There's no story like it: God among us, but not in any way anyone could ever guess. There is more drama here than in the entire corpus of Shakespeare. Every word of it is charged with power, crackling with drama, brimming with portent. A virgin with child. Travail in a stable. Smelly grubby shepherds running through the night (who's with the sheep?) just to catch a glimpse. And then later, pagan seekers and a treacherous ruler. Could this old, old story ever get stale? To tell it again and again—with thoughtfulness, with care, with attentiveness, with fresh conviction—is no burden. That you get to do it at all is sheer grace.
Here's one practical thing that's helped me. I established a habit of writing down in my journal on Christmas Eve, before bed, a summary of the Advent series I've just completed and a few ideas for the following year. It's all still fresh at that moment, and so the best time to capture my thoughts. How have I told the story this year? What connected? What didn't? Why? How might I tell the story next year? I'm like an actor going over my 38th performance as Hamlet, thinking how I said "To be or not to be" this night, and how I might say the exact same thing in an entirely different way tomorrow night.
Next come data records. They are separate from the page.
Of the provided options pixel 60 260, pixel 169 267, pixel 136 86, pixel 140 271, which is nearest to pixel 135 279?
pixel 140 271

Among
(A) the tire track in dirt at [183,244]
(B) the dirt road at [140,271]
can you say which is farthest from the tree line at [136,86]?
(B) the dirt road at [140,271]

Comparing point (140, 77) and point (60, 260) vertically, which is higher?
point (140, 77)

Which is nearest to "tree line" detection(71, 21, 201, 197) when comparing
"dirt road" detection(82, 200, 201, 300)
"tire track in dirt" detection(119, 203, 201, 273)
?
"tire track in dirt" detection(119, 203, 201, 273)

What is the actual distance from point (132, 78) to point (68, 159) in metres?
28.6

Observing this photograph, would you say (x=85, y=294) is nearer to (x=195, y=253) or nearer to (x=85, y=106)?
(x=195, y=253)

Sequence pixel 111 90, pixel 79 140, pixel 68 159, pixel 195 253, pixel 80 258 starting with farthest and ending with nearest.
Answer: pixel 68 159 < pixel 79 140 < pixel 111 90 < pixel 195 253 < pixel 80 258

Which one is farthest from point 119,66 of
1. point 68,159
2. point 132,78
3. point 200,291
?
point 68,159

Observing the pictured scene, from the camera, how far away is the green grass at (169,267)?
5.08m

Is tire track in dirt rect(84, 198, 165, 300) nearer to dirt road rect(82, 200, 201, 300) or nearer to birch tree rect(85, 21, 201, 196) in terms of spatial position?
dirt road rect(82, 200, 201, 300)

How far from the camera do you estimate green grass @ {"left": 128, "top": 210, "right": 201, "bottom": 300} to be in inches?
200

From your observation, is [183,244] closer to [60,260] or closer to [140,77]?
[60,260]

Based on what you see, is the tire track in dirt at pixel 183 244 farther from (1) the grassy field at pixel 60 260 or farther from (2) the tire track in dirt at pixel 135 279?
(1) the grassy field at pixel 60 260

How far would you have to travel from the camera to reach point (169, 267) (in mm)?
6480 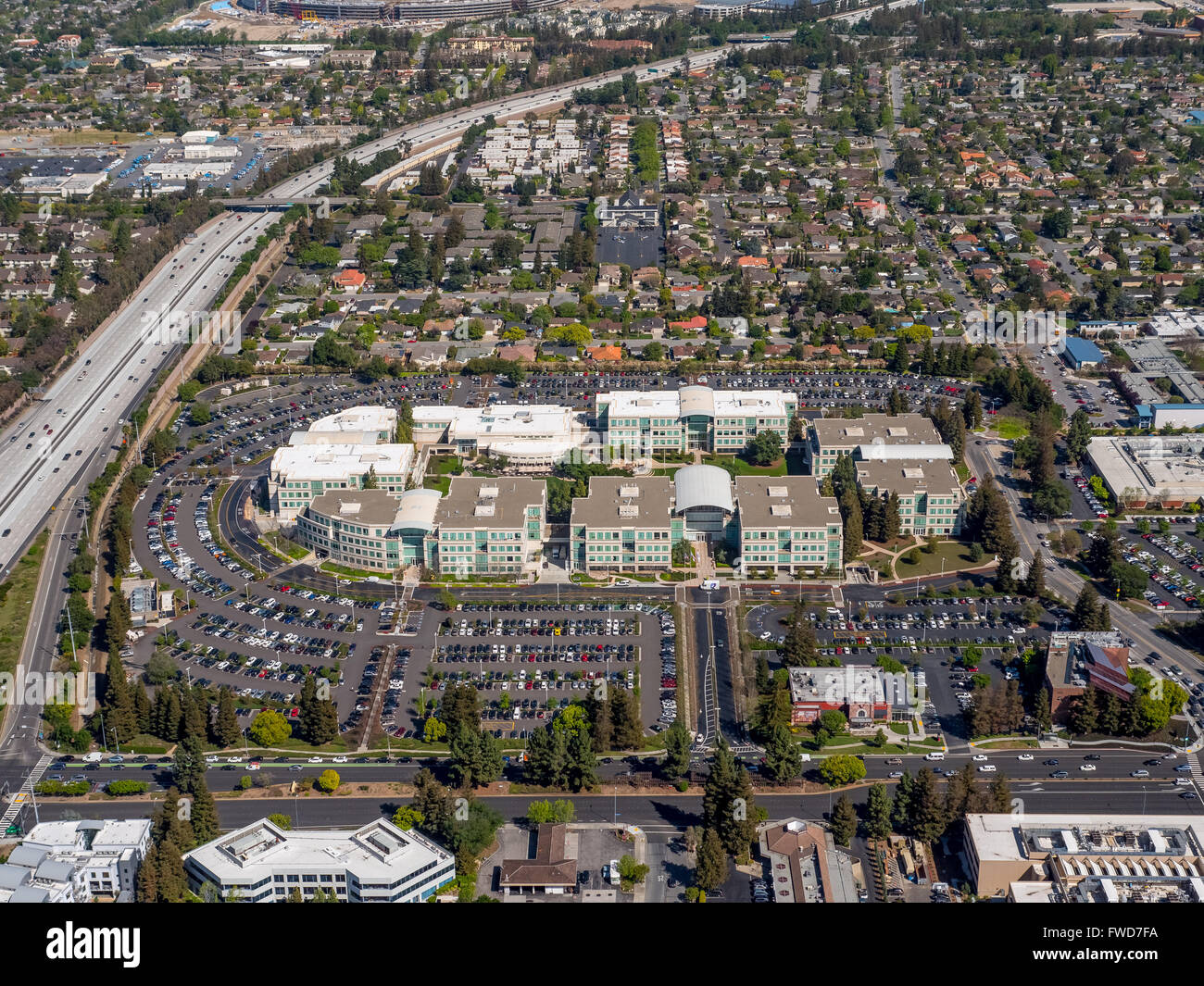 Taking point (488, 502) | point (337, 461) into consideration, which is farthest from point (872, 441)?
point (337, 461)

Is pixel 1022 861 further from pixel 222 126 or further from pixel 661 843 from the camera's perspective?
pixel 222 126

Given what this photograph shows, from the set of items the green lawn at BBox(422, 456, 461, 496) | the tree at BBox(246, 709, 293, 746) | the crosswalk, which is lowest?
the green lawn at BBox(422, 456, 461, 496)

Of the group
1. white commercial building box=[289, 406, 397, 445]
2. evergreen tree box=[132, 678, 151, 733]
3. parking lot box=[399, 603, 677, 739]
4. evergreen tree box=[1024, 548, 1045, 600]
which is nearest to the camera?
evergreen tree box=[132, 678, 151, 733]

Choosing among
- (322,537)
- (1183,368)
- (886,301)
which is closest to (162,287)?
(322,537)

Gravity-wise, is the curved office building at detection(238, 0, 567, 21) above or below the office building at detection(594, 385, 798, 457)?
A: above

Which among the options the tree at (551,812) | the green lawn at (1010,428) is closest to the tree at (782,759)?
the tree at (551,812)

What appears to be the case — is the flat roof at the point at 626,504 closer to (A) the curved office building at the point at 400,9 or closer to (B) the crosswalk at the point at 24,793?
(B) the crosswalk at the point at 24,793

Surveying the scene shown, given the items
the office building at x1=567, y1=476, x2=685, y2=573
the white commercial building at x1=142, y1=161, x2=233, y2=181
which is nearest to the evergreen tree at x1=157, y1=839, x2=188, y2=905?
the office building at x1=567, y1=476, x2=685, y2=573

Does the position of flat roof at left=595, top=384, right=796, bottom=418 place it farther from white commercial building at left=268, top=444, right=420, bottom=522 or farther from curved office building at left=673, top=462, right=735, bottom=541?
white commercial building at left=268, top=444, right=420, bottom=522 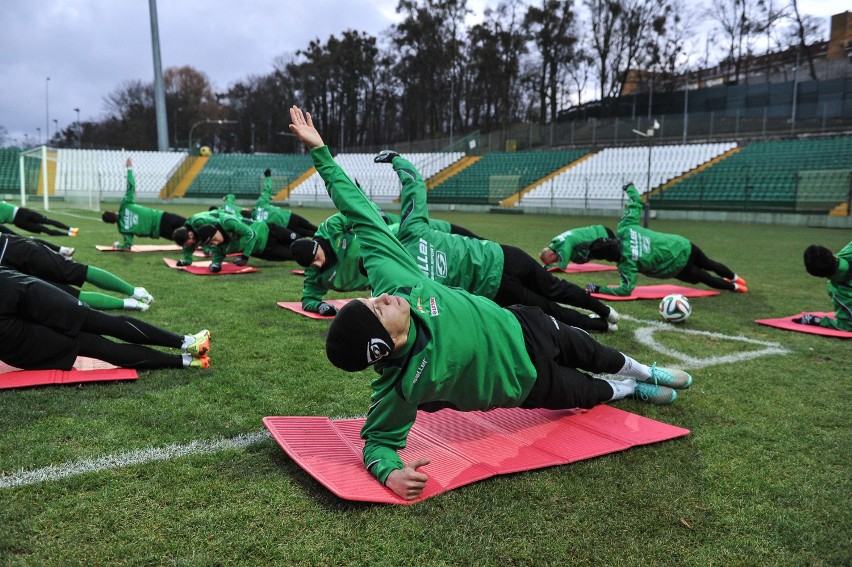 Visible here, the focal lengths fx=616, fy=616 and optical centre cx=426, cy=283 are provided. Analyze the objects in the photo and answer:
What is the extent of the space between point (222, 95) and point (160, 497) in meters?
76.4

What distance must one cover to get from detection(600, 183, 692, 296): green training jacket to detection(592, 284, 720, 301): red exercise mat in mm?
125

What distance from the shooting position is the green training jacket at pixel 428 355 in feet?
10.2

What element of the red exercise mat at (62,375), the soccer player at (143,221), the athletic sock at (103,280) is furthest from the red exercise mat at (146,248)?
the red exercise mat at (62,375)

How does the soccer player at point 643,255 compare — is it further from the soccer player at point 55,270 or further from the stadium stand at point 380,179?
the stadium stand at point 380,179

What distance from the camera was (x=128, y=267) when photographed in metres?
11.7

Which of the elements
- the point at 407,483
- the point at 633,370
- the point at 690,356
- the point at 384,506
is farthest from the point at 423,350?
the point at 690,356

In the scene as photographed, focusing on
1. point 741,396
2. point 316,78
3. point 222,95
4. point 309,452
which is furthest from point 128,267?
point 222,95

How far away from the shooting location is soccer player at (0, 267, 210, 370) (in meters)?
4.48

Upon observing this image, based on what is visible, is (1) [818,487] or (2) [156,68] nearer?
(1) [818,487]

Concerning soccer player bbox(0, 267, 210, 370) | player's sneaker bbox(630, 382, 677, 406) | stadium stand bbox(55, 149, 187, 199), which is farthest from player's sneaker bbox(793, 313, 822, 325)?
stadium stand bbox(55, 149, 187, 199)

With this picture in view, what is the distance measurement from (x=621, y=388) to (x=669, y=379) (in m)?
0.39

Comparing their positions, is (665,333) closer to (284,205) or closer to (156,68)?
(284,205)

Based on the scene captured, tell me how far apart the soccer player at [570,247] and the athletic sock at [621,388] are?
3170 mm

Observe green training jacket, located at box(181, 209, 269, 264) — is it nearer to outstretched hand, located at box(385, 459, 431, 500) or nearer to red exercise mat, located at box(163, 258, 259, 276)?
red exercise mat, located at box(163, 258, 259, 276) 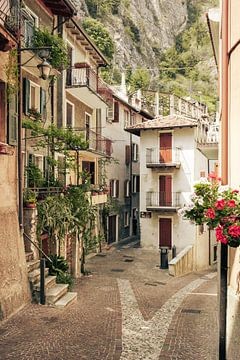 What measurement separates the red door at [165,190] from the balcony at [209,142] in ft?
10.9

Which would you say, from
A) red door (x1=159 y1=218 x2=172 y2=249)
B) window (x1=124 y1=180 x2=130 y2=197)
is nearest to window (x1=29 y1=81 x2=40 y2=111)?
red door (x1=159 y1=218 x2=172 y2=249)

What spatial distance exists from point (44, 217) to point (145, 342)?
19.1 feet

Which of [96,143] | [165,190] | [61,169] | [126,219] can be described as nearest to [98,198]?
[96,143]

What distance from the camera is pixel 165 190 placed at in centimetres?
2745

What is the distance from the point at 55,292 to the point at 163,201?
16259 millimetres

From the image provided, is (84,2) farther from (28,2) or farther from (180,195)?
(28,2)

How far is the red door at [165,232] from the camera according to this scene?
2719 cm

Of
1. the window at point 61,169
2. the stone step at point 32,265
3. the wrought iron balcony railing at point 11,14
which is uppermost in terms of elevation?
the wrought iron balcony railing at point 11,14

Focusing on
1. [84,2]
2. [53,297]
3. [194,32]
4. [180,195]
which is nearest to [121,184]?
[180,195]

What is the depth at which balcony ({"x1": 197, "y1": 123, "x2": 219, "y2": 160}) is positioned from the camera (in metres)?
19.8

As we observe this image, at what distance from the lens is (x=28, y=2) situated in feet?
47.1

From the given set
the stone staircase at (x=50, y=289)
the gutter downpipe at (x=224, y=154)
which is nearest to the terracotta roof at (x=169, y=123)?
the stone staircase at (x=50, y=289)

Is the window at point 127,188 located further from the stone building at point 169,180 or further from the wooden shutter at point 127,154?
the stone building at point 169,180

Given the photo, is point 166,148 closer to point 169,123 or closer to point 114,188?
point 169,123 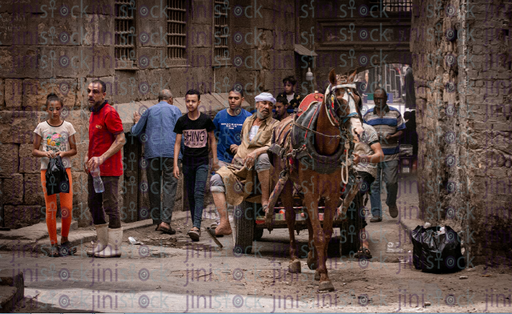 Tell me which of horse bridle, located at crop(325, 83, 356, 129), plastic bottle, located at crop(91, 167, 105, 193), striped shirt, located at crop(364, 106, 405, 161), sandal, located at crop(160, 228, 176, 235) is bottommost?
sandal, located at crop(160, 228, 176, 235)

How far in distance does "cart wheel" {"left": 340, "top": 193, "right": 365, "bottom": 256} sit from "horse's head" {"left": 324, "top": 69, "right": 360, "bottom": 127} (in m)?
2.43

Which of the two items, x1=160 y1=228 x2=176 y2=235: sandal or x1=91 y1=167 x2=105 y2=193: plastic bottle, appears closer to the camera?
x1=91 y1=167 x2=105 y2=193: plastic bottle

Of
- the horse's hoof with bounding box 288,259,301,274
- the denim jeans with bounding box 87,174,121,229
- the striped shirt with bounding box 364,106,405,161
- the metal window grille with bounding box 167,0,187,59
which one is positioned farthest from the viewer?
the metal window grille with bounding box 167,0,187,59

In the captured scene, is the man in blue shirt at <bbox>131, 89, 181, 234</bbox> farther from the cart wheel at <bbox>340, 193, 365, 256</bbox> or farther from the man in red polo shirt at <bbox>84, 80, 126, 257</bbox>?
the cart wheel at <bbox>340, 193, 365, 256</bbox>

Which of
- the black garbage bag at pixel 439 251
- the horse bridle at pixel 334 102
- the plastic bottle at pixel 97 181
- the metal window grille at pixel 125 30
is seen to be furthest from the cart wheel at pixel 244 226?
the metal window grille at pixel 125 30

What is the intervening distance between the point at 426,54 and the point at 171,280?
5917mm

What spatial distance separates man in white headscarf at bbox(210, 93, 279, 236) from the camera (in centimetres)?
898

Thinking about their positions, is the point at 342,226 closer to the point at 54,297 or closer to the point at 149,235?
the point at 149,235

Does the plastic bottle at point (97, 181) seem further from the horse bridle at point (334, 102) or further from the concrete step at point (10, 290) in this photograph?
the horse bridle at point (334, 102)

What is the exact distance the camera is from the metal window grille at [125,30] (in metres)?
12.4

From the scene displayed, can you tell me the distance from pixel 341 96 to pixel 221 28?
9.72 m

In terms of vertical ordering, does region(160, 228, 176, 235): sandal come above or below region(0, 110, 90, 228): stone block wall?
below

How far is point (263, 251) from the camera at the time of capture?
9.79m

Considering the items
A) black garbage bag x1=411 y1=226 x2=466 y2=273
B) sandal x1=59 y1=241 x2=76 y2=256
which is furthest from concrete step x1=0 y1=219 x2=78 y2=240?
black garbage bag x1=411 y1=226 x2=466 y2=273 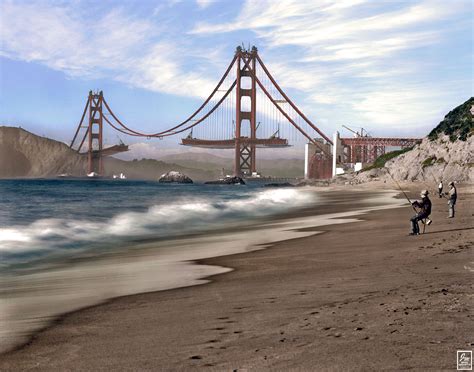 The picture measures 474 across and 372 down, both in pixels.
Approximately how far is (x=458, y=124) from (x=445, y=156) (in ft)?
18.7

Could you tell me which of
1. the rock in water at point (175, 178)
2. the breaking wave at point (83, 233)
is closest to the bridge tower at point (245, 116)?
the rock in water at point (175, 178)

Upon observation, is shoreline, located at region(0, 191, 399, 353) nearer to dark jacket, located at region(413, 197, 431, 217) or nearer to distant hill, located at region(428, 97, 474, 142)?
dark jacket, located at region(413, 197, 431, 217)

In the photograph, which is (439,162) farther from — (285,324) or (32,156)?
(32,156)

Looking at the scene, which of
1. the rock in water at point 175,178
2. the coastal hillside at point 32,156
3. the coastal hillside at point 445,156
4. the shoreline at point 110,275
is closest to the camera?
the shoreline at point 110,275

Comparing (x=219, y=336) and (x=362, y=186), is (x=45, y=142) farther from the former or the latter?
(x=219, y=336)

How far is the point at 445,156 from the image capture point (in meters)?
55.1

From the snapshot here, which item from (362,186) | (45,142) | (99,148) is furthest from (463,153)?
(45,142)

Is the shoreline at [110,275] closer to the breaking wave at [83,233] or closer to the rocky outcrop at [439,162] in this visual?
the breaking wave at [83,233]

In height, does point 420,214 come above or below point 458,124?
below

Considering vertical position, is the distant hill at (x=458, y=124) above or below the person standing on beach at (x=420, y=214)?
above

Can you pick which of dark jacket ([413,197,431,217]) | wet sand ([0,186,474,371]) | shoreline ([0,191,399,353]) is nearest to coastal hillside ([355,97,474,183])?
dark jacket ([413,197,431,217])

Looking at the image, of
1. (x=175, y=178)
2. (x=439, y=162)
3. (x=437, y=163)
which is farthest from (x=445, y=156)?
(x=175, y=178)

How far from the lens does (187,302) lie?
5.42m

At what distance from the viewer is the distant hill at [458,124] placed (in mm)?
55438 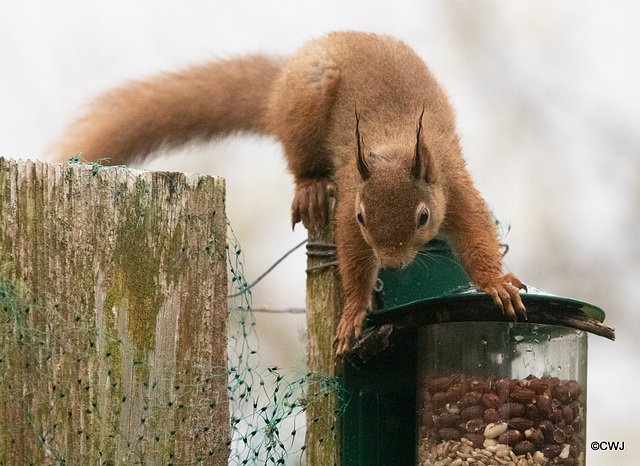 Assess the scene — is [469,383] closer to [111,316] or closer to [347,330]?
[347,330]

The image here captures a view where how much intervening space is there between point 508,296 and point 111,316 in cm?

One year I told the story by exploring the four Nativity songs in Luke—Mary's, Zechariah's, the Heavenly Host’s, Simeon's. Then on Christmas Eve I concluded with a meditation on the classic carol, What Child is This? As I reflected on that series, Isaiah 9 came to mind. I glimpsed a loose connection between Luke's four songs about the Christ Child and Isaiah's four titles for that Child: Wonderful Counsellor, Mighty God, Everlasting Father, Prince of Peace. That became the foundation for the next year's Advent series.
Over the years, have I ever repeated myself? All the time. But no one ever seems to mind. Good stories are like that: we simply can't get enough of them. Play it again.